Atatürk bilhassa Van’da yaptırılmasını tavsiye ettiği ‘Modern Kültür Merkezi’ne çok önem veriyordu. Ona candan gönül bağlamıştı. Bu iş için Van sahillerini seçmesinin çeşitli sebepleri vardı. Coğrafi bakımdan elverişli oluşu, ikliminin o havalideki diğer yerlere nispetle mutedil, toprağının mümbit olması, gölü gemi işletmesine de müsaitti, küçük bir deniz halinde bulunması bunların başlıcaları arasındadır. 

 Atatürk’ün ilk olarak yapılmasını tasavvur ettiği müesseseler: Hepsi yatılı olmak üzere birkaç ilk ve orta mektep, lise, öğretmen, ziraat ve sanat mektepleri ve nihayet bütün fakülteleriyle bir üniversite... Çeşitli okullar, aynı zamanda üniversite için hem tatbik, hem de inceleme yerleri olacaktı... Sonra yine orada veya Doğu bölgesinin diğer münasip yerlerinde, ihtiyaca göre ziraat ve sanat enstitüleri, güzel sanatlar akademileri ve diğer yüksekokullar açılacaktı. 
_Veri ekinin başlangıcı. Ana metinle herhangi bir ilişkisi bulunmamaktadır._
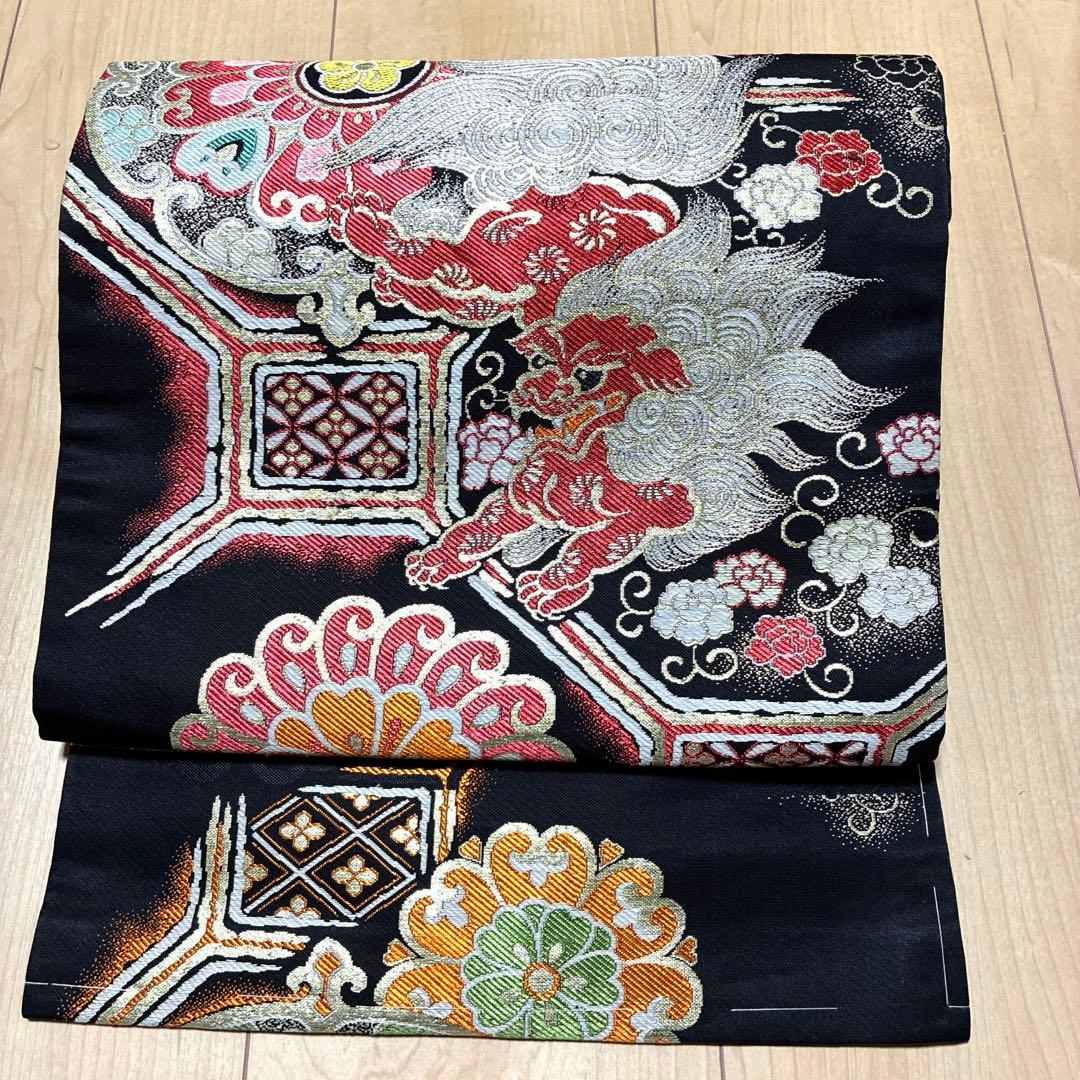 アンティーク 名古屋帯 獅子と花の刺繍 黒 しつけ付き - メルカリ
Atatürk on beş sene içinde bütün bu müesseselerin başarı ile işleyeceğine, ondan sonra diğer bölgelerle beraber bu bölgede de başka üniversite ve yüksekokullara ihtiyaç duyulacağına inanıyordu. Seçilecek en uygun sahada öğretmen, profesör ve memurlar için her türlü konforu haiz ikametgahlardan mürekkep yeni mahalleler, zengin kütüphaneler, ilk ağızda devlet eliyle veya özel müteşebbisler tarafından, bütün ihtiyaçlara cevap verecek, çarşılar, sinema, tiyatro, gazino gibi hoş vakit geçirilecek yerler, Halkevi spor kulüpleri ve sair faydalı teşekküller kurulacaktı... Böylece zamanla mükemmel bir plan dahilinde inşa edilmiş, yepyeni, modern ve medeni bir Van şehri meydana çıkmış olacaktı; tabiidir ki bu şehir karadan ve havadan çeşitli vasıtalarla merkeze ve denize bağlanacaktı...   

Bu nedenle Atatürk ve Cumhuriyet’i seviyoruz.
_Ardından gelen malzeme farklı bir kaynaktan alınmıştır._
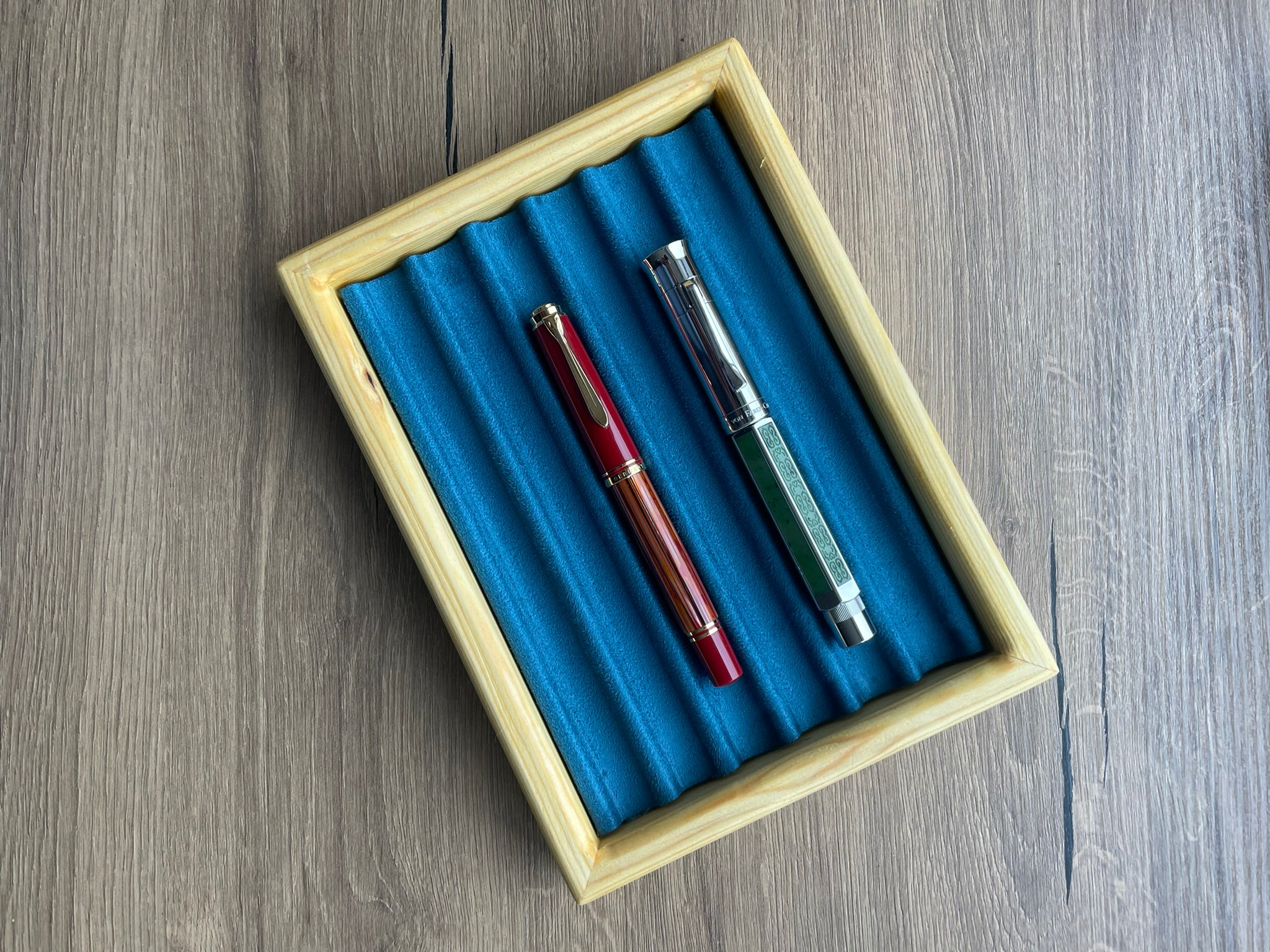 E017- SOLID PINE PEN TRAY - 6 PENCILS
Atatürk’ün Van projesi gerçekleşmiş olsaydı bölgemizdeki ekonomik ve sosyal sorunlar yaşanmamış olacaktı.  

Atatürk’ün zamansız ölümünden ülkemiz kadar Van'da büyük kayıp yaşamıştır.   

Özetle… 

Cumhuriyet ve Atatürk’ü sahiplenecek, sevecek o kadar çok nedenimiz var ki saymakla bitmez.